Hands-On With Halo 3’s Singleplayer, Final Movie Maker

tsavohighway.jpgThe Halo 3 Multiplayer beta was OK. Great for multiplayer fans, good for people wanting to pop in on the series and see how it was all going, but not much more. No, as much as the kind of guys who are still playing Halo 2 MP on their original Xbox will try and tell you otherwise, what’s interesting most people about Halo 3 is the singleplayer. We want to see how the whole thing’s going to finish up. Up til now, we didn’t know much about it. The singleplayer, that is. Lucky for us, then, I just sat down and played a bit of it at a Microsoft/Bungie shindig in Sydney. How was it? Go on. Read on.Only one level was on offer, the game’s third (called Tsavo Highway, on the road to New Mombasa), but it was enough to get a feel for the thing. Least enough of a feel for a quick shot from the hip as to how the game’s shaping up. You like Halo? This is more Halo. Little more, nothing less. You know how it plays, you know how it feels, it just feels a little fresher and looks a little nicer.

The graphics are a lot cleaner than the MP beta, that kinda-annoying jaggy look has (for the most part, foliage still suffers slightly) been smoothed out and the HDR lighting effects, like a dark room brightening as you bust into it, are a nice touch.

Got a good grasp on co-op as well, both two-player and four-player. Two-player, it’s as per, but four-player? Pretty fucking awesome. Seeing two Warthogs tear up a hill, with two human-controlled drivers and two human-controlled gunners, is pretty great. As is the feel of big battles – four players really seems to open up your tactical options, letting you approach those big Halo set-piece battles a little more experimentally.

I also spent some time with the game’s final edition of the movie maker, which is pretty nifty considering it’s basically a souped-up instant replay with a screenshot taker.
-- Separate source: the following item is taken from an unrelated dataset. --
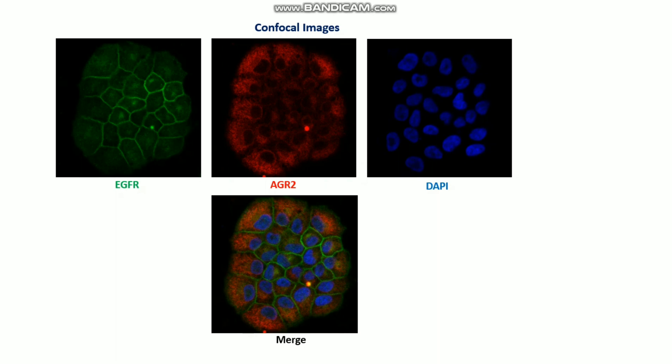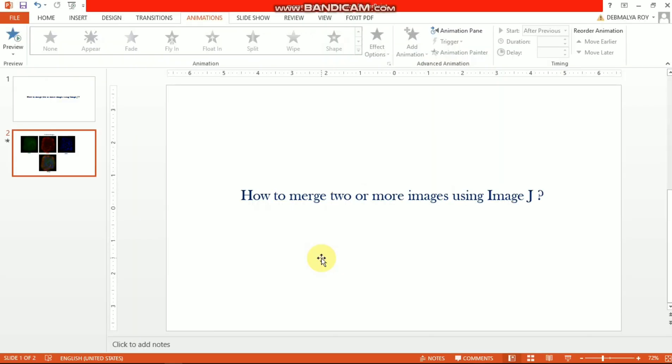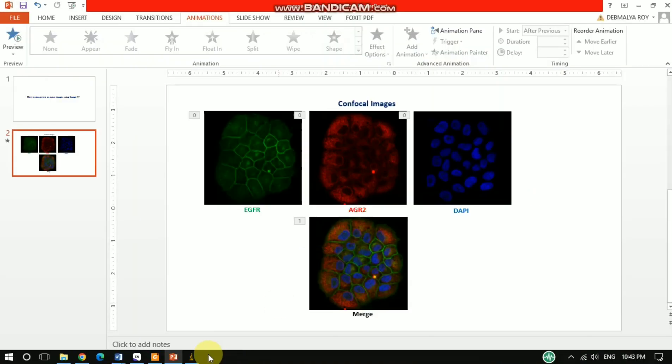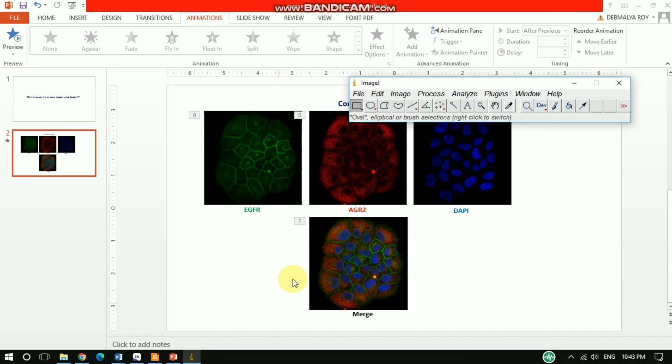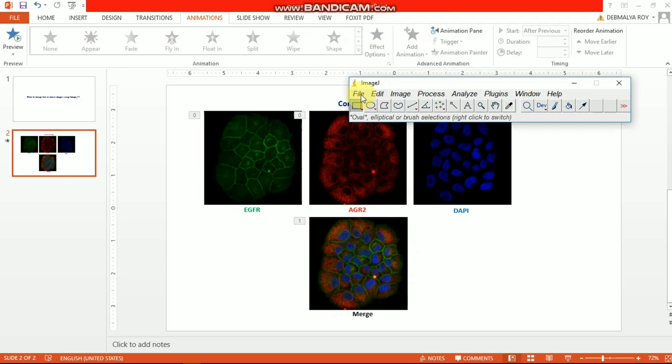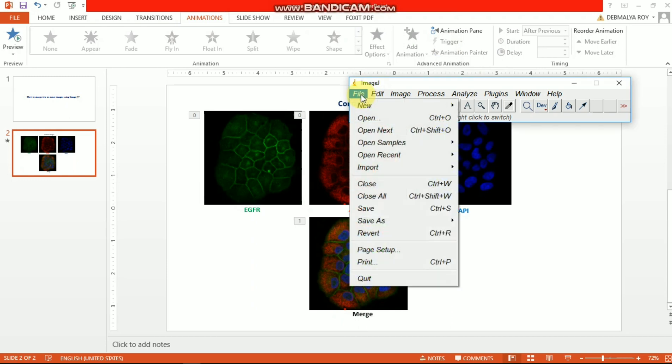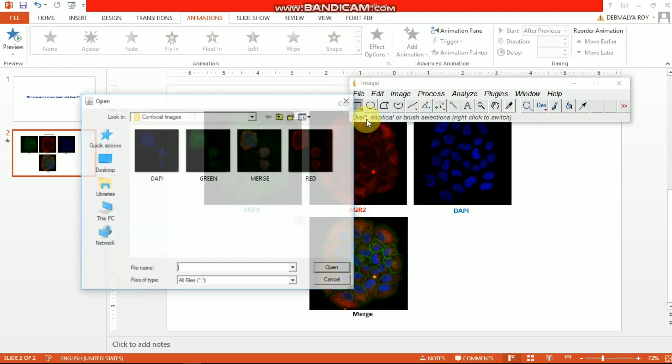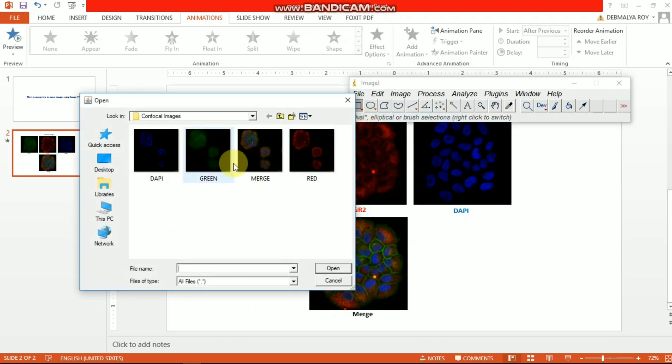First you need to open your software. I already opened the ImageJ software here. Then you need to open your images. I already renamed my images like DAPI, green, and red, which is pretty useful when you select these pictures.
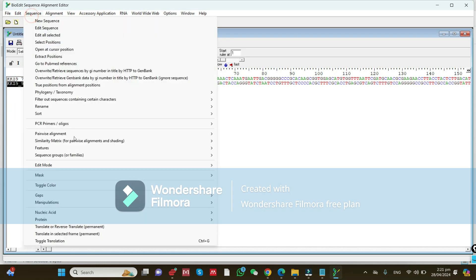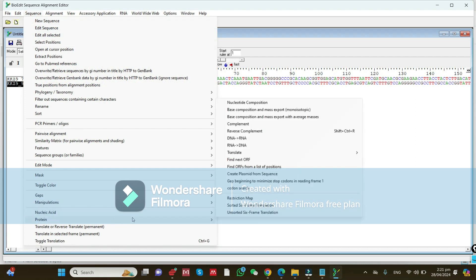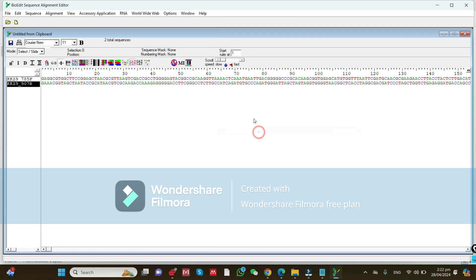Go to 'Nucleic Acid' and click on 'Reverse Complement'. You can see these sequences, and when you click on 'Reverse Complement', all these sequences will change. Look carefully — all the reverse sequences have now been changed.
In fact, the screenshot taker is probably the highlight – saved movies might be a good record for those missions you either dominate or totally suck at, but pausing the action, zooming out into third-person and finding a good viewpoint that captures a moment of sheer badassity, that’s where it’s at.

Final thoughts? It’s Halo. What, you were expecting some revolutionary step forward for the FPS genre? Please. You know full well there’s too much riding on this puppy for Bungie to take any risks with it, so if you’re looking/hoping for something substantially MORE, sorry. From what I can gather from the admittedly brief snippet on offer, this feels like the Halo you know, probably the Halo you and I love, just with more weapons, more teammates and shinier graphics. Nothing more, nothing less.